Certain tests with data from observational and association studies, and risk/benefit modeling, such as CYP2C19 testing for identifying poor metabolizers of the anti-platelet drug Plavix (clopidogrel), could do well within this decision tool.
Some health systems that have implemented PGx testing for warfarin and clopidogrel have done so in a preemptive fashion, using electronic medical records, in specific clinical contexts, such as for patients presenting to a catheterization lab for CYP2C19 testing. In this way, doctors have access to a patient's genotype information at the time they're prescribing the related drug.

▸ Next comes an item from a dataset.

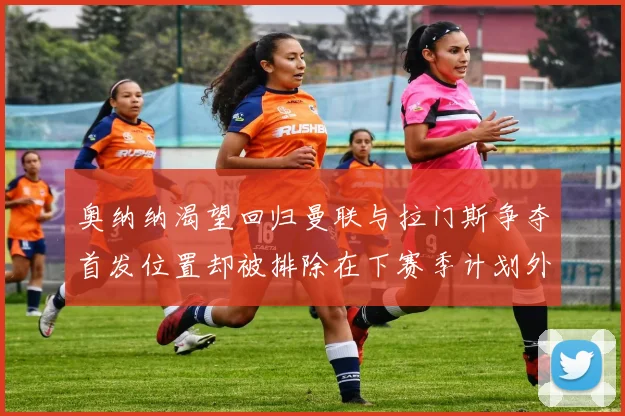 奥纳纳渴望回归曼联与拉门斯争夺首发位置却被排除在下赛季计划外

Veenstra noted that if studies show clinicians can't get test results in a timely manner, then it is likely to impact a payor's assessment of a companion test's value. But implementing preemptive testing too broadly and testing those who don't need it could also hurt the value assessment. In the future, broader adoption of much cheaper, next-generation panels could be a paradigm shift for the market, Veenstra observed, but for now, most payors haven't been very receptive to such platforms.
"We're hopeful this can help payors understand how indirect evidence can be useful, as well as help the manufacturers recognize … what's the framework for presenting data to payors in a way that helps them understand its value," Veenstra explained. "We're really just trying to get that conversation going."
Veenstra and colleagues are hoping that industry stakeholders, including healthcare decision makers, payors, drug and testing shops, will begin using the CDx tool. They plan to promote the tool through the National Pharmaceutical Council and University of Washington's communications and alliance development resources. They will also spread the word about the assessment tool to PMC's membership.
"We are already getting very positive feedback from Dx developers and clinical and health economics researchers on the tool," Daryl Pritchard, an author on the paper and PMC's VP of science policy, told GenomeWeb. He acknowledged, though, that getting payors to actually use the tool "is a harder nut to crack."
The researchers used interviews with payors to improve the CDx assessment framework, and these stakeholders "ultimately had a favorable opinion of the tool," Pritchard noted. Veenstra further added that the AMCP may include the CDx assessment tool as part of the resources it provides to support clinical and health economic decision making.